Sure, it may only be a few ounces. But if we string enough of those days together, we’ll lose all the body fat we want. Ultimately, it’s the net fat balance over days, weeks and months that matters, not what’s going on over short timescales like a few hours.
That’s how every diet works and how every person who has lost a serious amount of body fat managed to do so – whether they realized it or not.
5) Continue to become aware of the type and amount of calories you consume.
Now, if fat loss ultimately comes down to a negative fat balance, what’s the deal with calories? Well, first the bad news…

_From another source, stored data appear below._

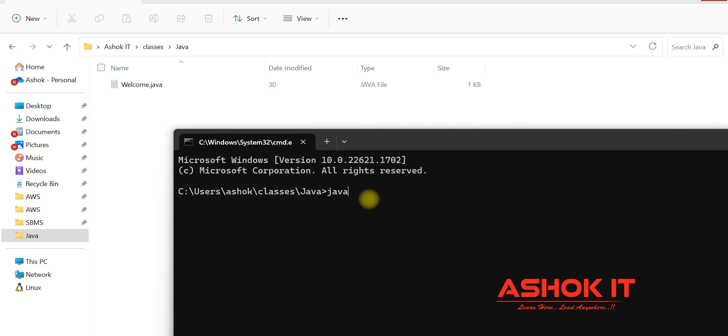Observe the command carefully. For compilation we use javac, for execution we use the java command. I'm using the java command for execution.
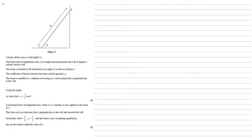A beam AB has mass m and length 2a. The beam rests in equilibrium with A on rough horizontal ground and with B against a smooth vertical wall. The beam is inclined to the horizontal at an angle theta as shown in figure 2. The coefficient of friction between the beam and the ground is mu. The beam is modeled as a uniform rod resting in a vertical plane that is perpendicular to the wall.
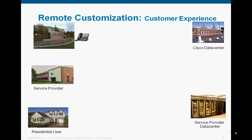Here's an overview of the process. If you look at the top left corner, the icon depicts Cisco. Underneath it is the service provider, and then finally on the bottom left is the residential user. On the top right is the Cisco data center, and on the bottom right is the service provider's data center.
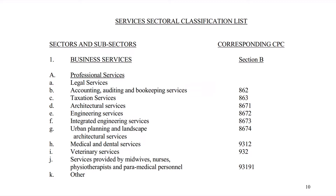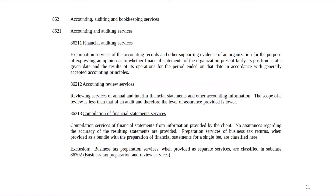Note that the CPC code used in the services sectoral classification list is the CPC Provisional — not the most recent CPC version 2.2. You have to make sure that you refer to the CPC Provisional as a basis for describing the type of services. The CPC for each services sector includes a detailed explanation of the specific type of services, which helps you understand what each specific services sector entails.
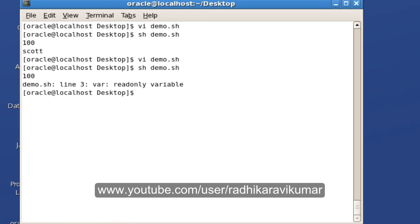So this is what is about read-only variable. I hope you have understood. If there are any queries then please do mail me and thank you very much for watching.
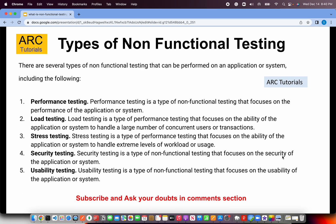So what are the different types of non-functional testing that can be performed on an application? Some of the types include performance testing, load testing, stress testing, security testing, usability testing, penetration testing, and accessibility testing. These are all different forms of non-functional testing.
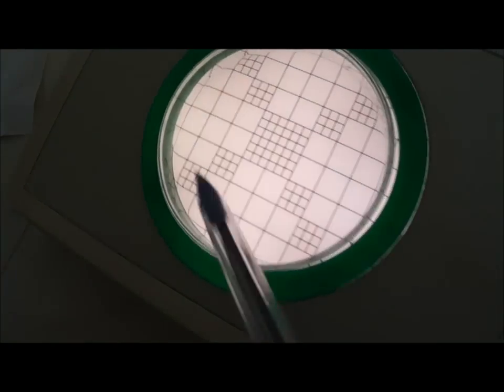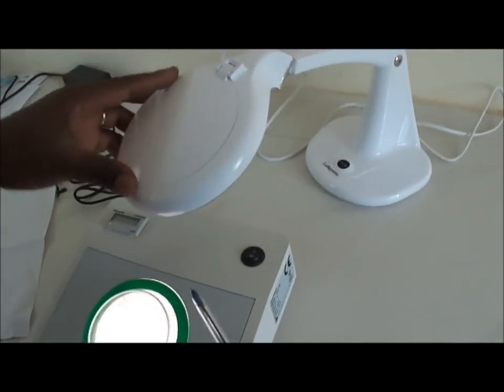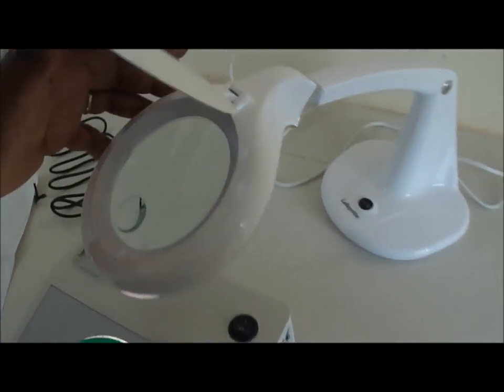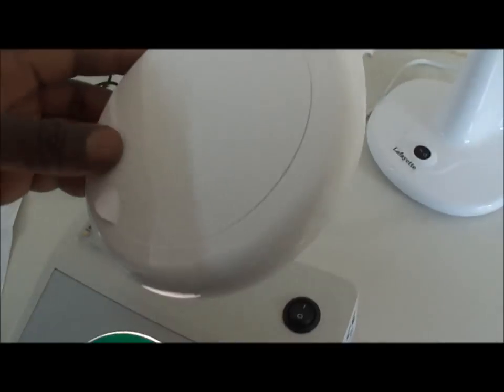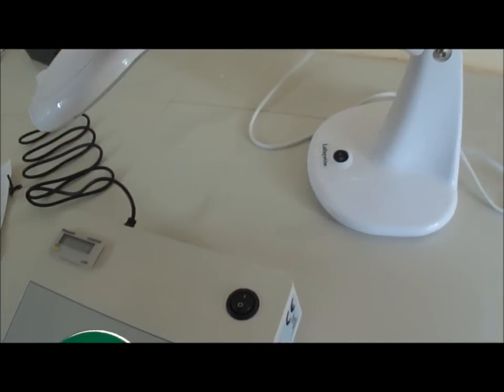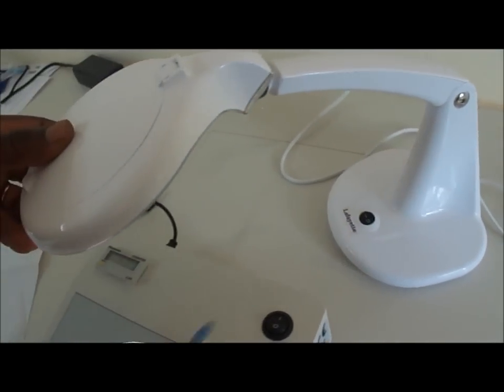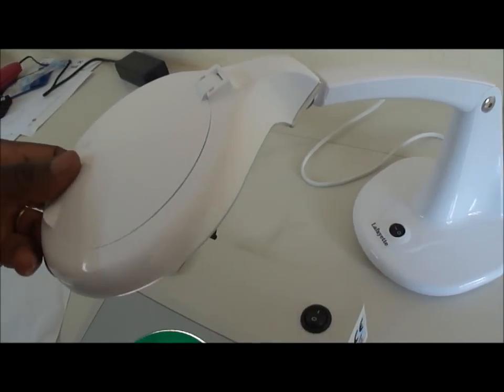Now, sometimes, even with that, the number of groups or colonies are so many, that you cannot easily count them with your naked eyes, then you use this device, that's a magnifying device, the model we have here is this one.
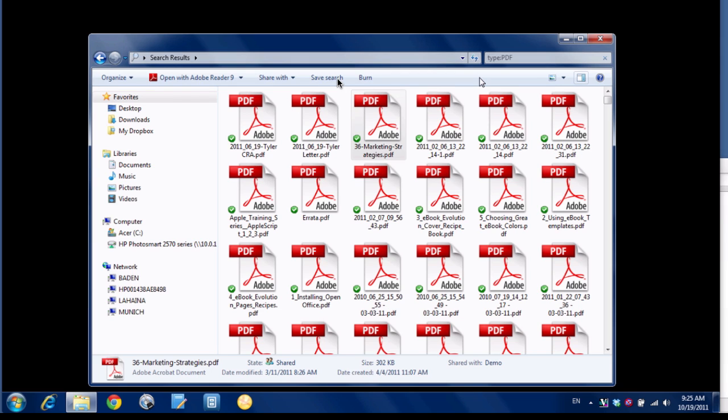So that's a quick way you can view all the PDFs on your entire computer. If you have any questions or want other going-paperless tips, head on over to Documentsnap.com. Thanks!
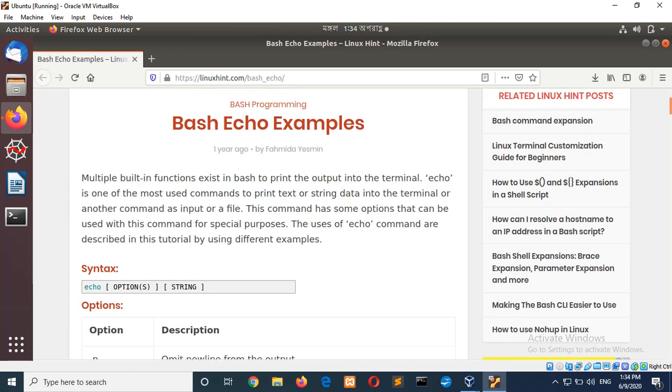In this tutorial, I will show you the use of bash echo command. Echo command is mainly used to print output in the terminal.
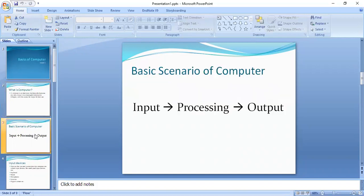Then we have the second question: what is the basic scenario of computer? The basic scenario is input through input devices, then processing with the help of processing devices.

We can’t accurately measure how much our fat balance is changing by on a day-to-day or week-to-week basis. Even if we have unlimited funds and access to a state-of-the-art laboratory.
So we can safely say there’s no wearable device, no smartphone app, and no online calculator that’s up to the job either. And until there is, we’ll need to use the next best thing available: count calories.
Now, that may sound kind of archaic, but here’s the way I like to think about it. Even if it’s state-of-the-art digital, the speedometer in your car isn’t 100 percent accurate.
It isn’t actually measuring vehicle speed anyway, it’s measuring how fast the wheels are turning. That means things like tire tread depth, pressure, temperature, and even how many passengers you’re carrying, introduce significant errors to the number you see on the dial.
But does that mean a speedometer isn’t worth having? No way – it’s still a fundamental part of keeping control of the car. Counting calories works the same way.
The bottom line is that, the fewer calories you consume, the bigger the negative fat balance and the greater the weight loss. Of course, it almost goes without saying that we can’t pin this down to exact numbers.
As in, consuming 2441 calories per day will allow me to lose 2.74 pounds in 17 days. It simply doesn’t work that way. After all, the body is an inherently variable and complex system.
But counting calories is still the best proxy we have for fat balance, and therefore the most powerful tool for weight loss we have.
Wrapping It Up
So there they you have it. Five surefire ways to hasten fat loss. Now all we have to do is apply these ideas consistently, and you can eventually get the results you want.